## Data provided

╔══

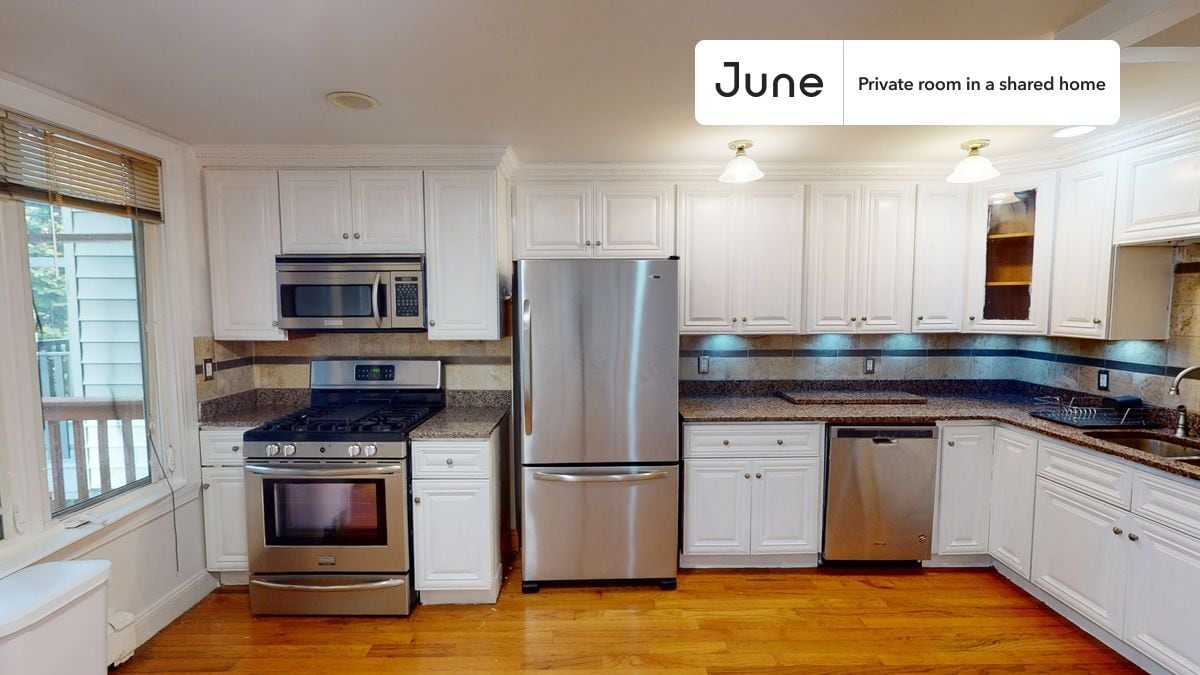 Building Photo - Room in Shared 4 bed/1 bath home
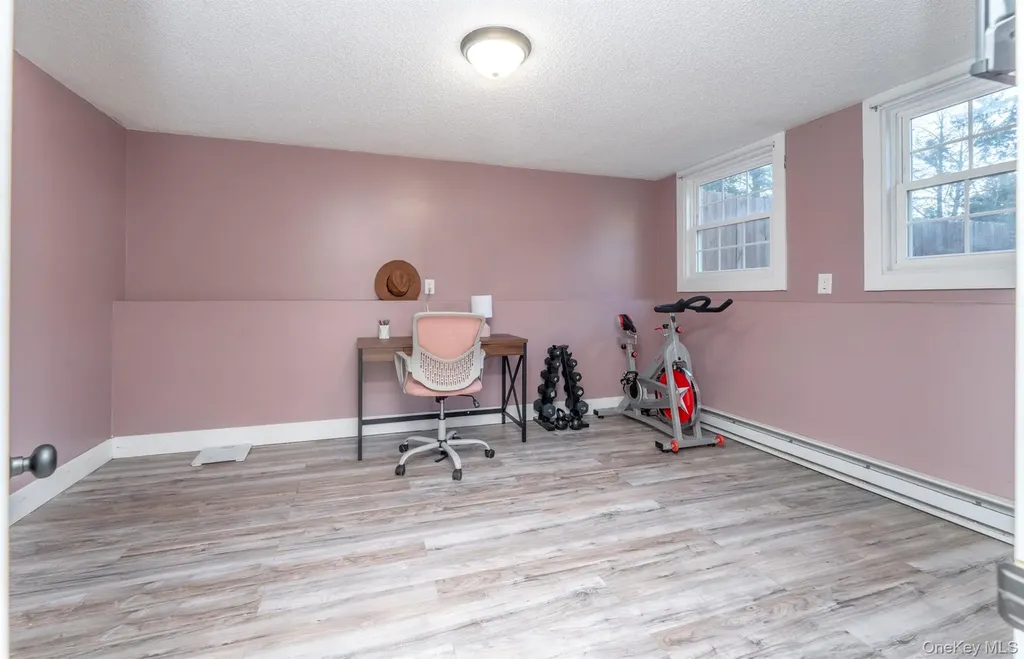 30 Willow Road Saugerties NY 12477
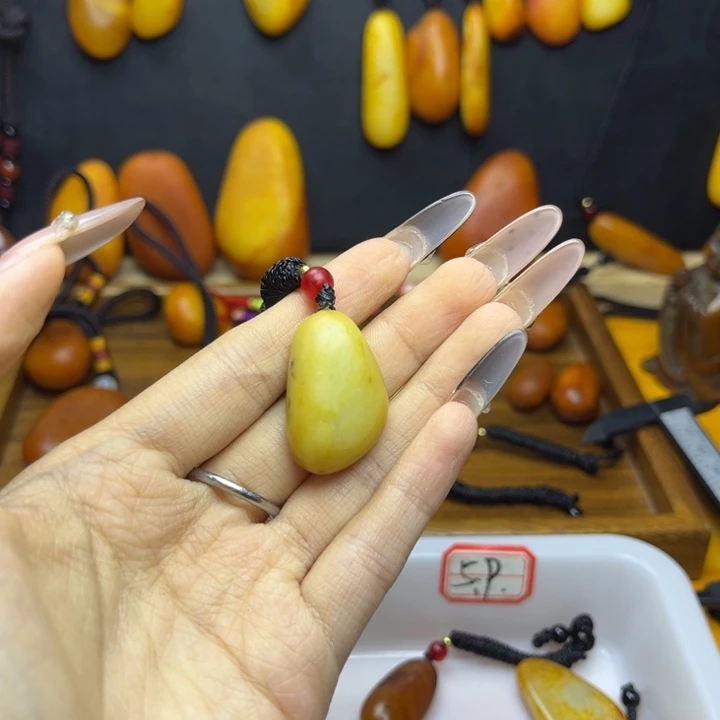 蒙***人未镶嵌和田玉（糖玉）珠宝半成品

╚══

## What to do
Retype the listing above exactly, please. Pictures do not belong in the copy.

## Answer section
 Building Photo - Room in Shared 4 bed/1 bath home
 30 Willow Road Saugerties NY 12477
 蒙***人未镶嵌和田玉（糖玉）珠宝半成品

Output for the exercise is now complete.